Andy D'Urso had kept a relatively low profile up to this point, but infuriated Nigel Reo-Coker by neglecting to play an advantage in the centre of the park. The young midfielder, one of the oases of quality in the visitors' ranks, made his dissatisfaction abundantly clear, eventually throwing the ball away like a toddler chucking his food off the table to demand a reaction. Inevitably, he got a yellow one.

Elliott Ward followed him into the book within minutes, and was lucky only to see yellow for a nasty hack on McNamee on the halfway line. Play resumed with Helguson, at stages now resembling an adult guesting in a game of toddlers, soaring through the centre and again releasing Young whose cross was put out by Ward. McNamee attempted to dart between two markers on the left only for Repka to manouevre his bulk in the way and shepherd the ball out. Unfortunately for the Czech pantomime villain, his had been the last touch - Walker snatched Young's corner off Helguson's head.
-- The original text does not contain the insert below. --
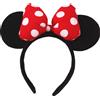 HEROCROSS 1pc Classico Cerchietto con Orecchie da Topolino per Ragazze e Bambini, Fascia per Capelli con Fiocco a Pois da 4 Pollici, Accessori per Capelli Fai da Te per Feste e Viaggi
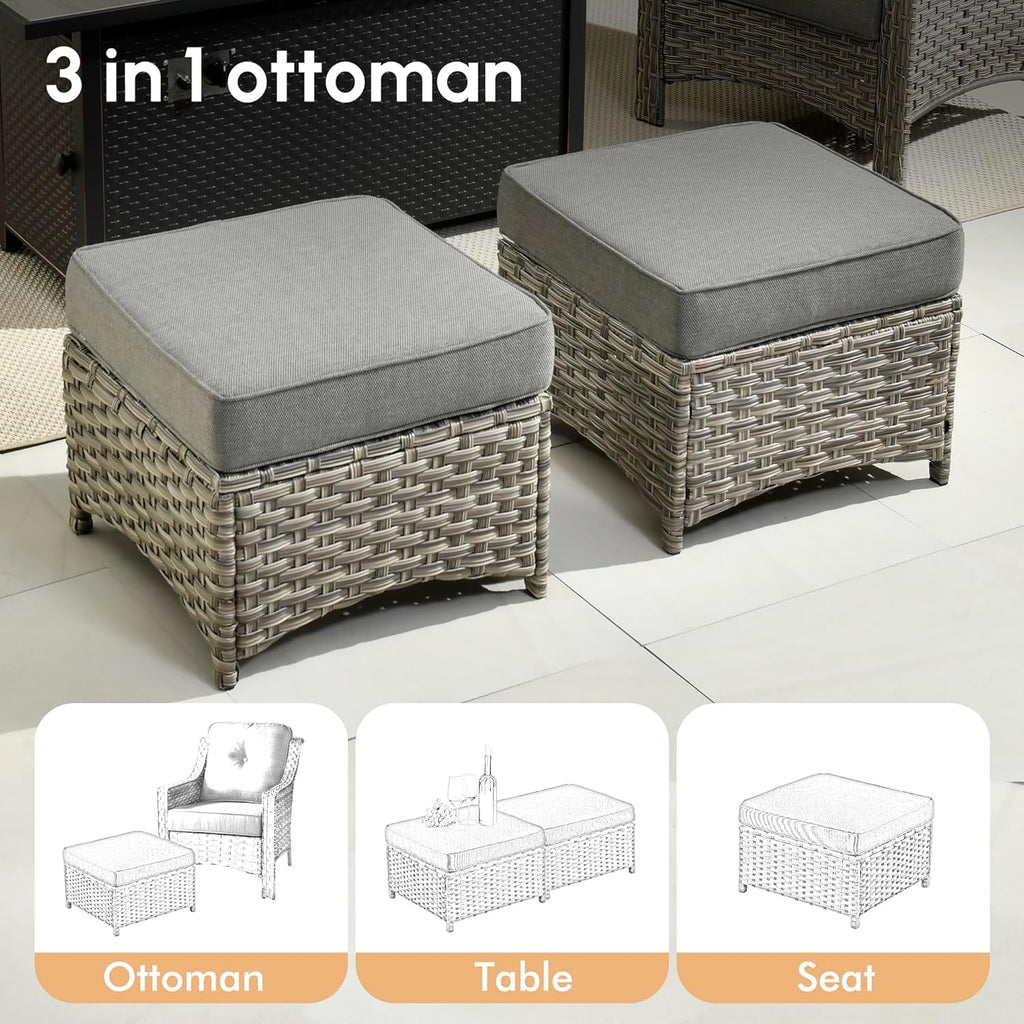 Outdoor Patio Furniture Set with Fire Pit and Ottomans Lootquake LLC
Bangura won more fans by executing the little trap-the-ball-under-your-studs-then-roll-it-into-space-whilst-surveying-options trick, more suited to World Cup Finals than Vicarage Road and the footballing equivalent of holding the marker during a brainstorming meeting.

Repka became the fourth Hammers' booking for a petulant shove on Helguson (his finest moment yet to come, however) before West Ham got a second. They got a bit lucky here - Chambers had no time to formulate an opinion about whether to handle Harewood's shot, let alone act upon a decision, but the shot crashed into his arm and Harewood placed the spot-kick beyond Chamberlain's dive.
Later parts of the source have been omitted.